▸ Scraped caption text data:

════════

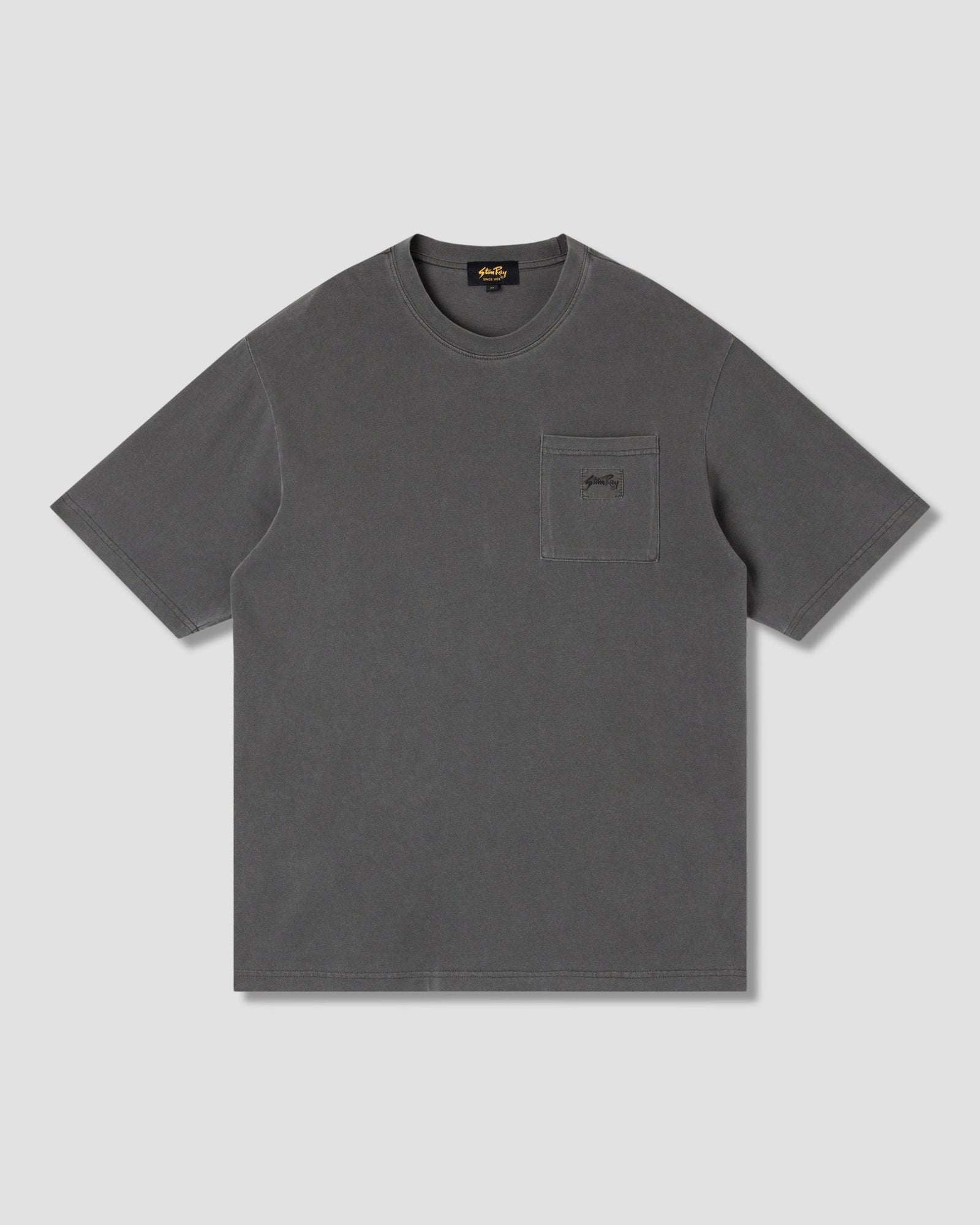 Patch Pocket Tee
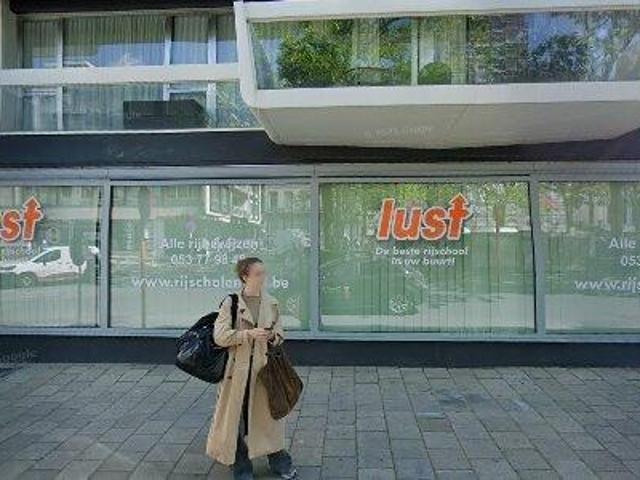 Apartment for rent in Aalst, Oost Vlaanderen
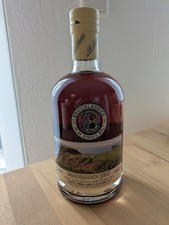 Bruichladdich Single Malt Whisky in Dose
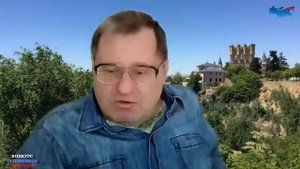 Евгений Гильбо  о наступившем будущем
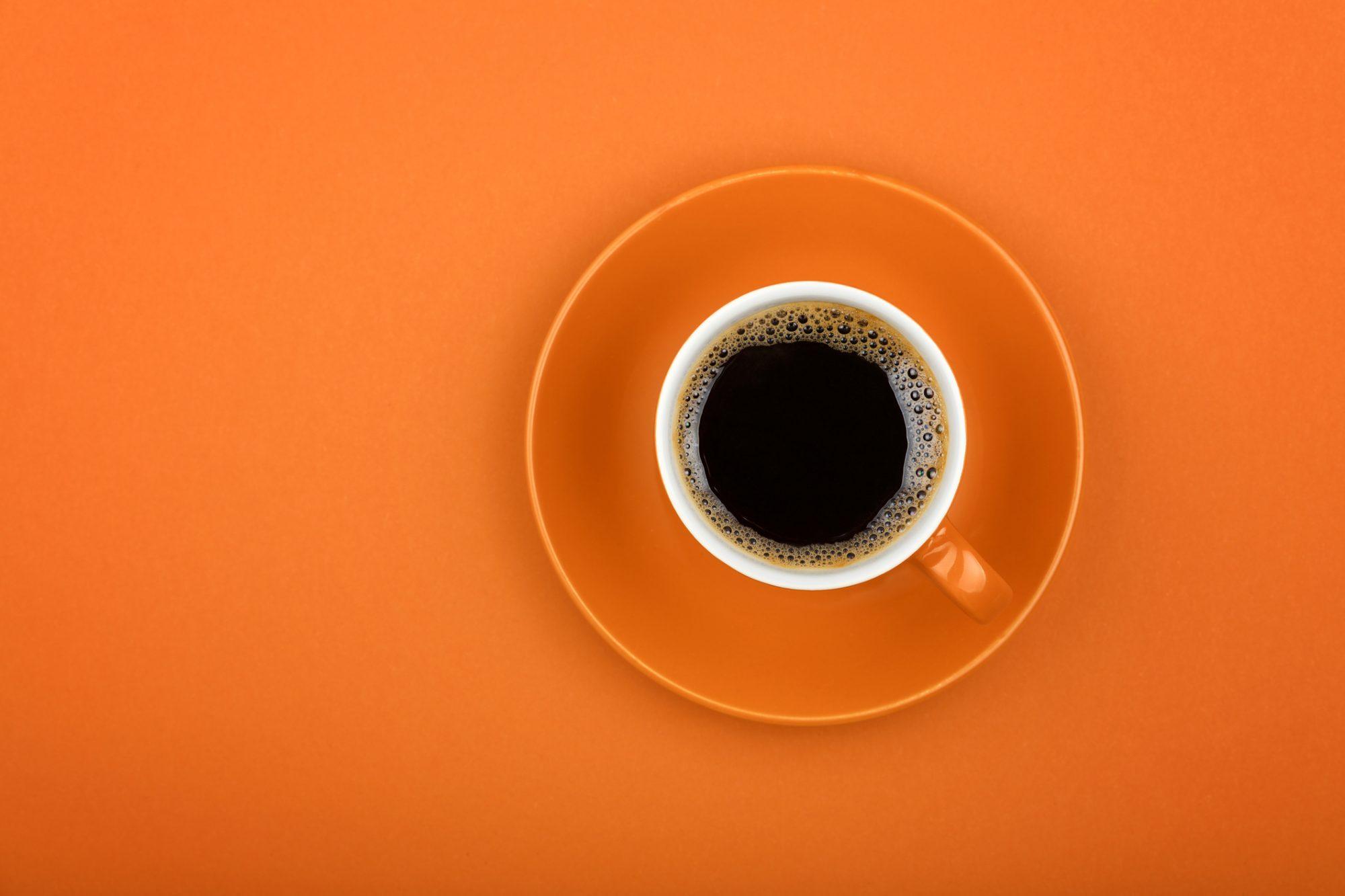 3 thời điểm vàng uống cafe đen để ăn Tết Tân Sửu không lo tăng cân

════════

▸ WHAT IS EXPECTED: Transcribe the data exactly and leave no picture in the copy.

▸ FINISHED TASK:
 Patch Pocket Tee
 Apartment for rent in Aalst, Oost Vlaanderen
 Bruichladdich Single Malt Whisky in Dose
 Евгений Гильбо  о наступившем будущем
 3 thời điểm vàng uống cafe đen để ăn Tết Tân Sửu không lo tăng cân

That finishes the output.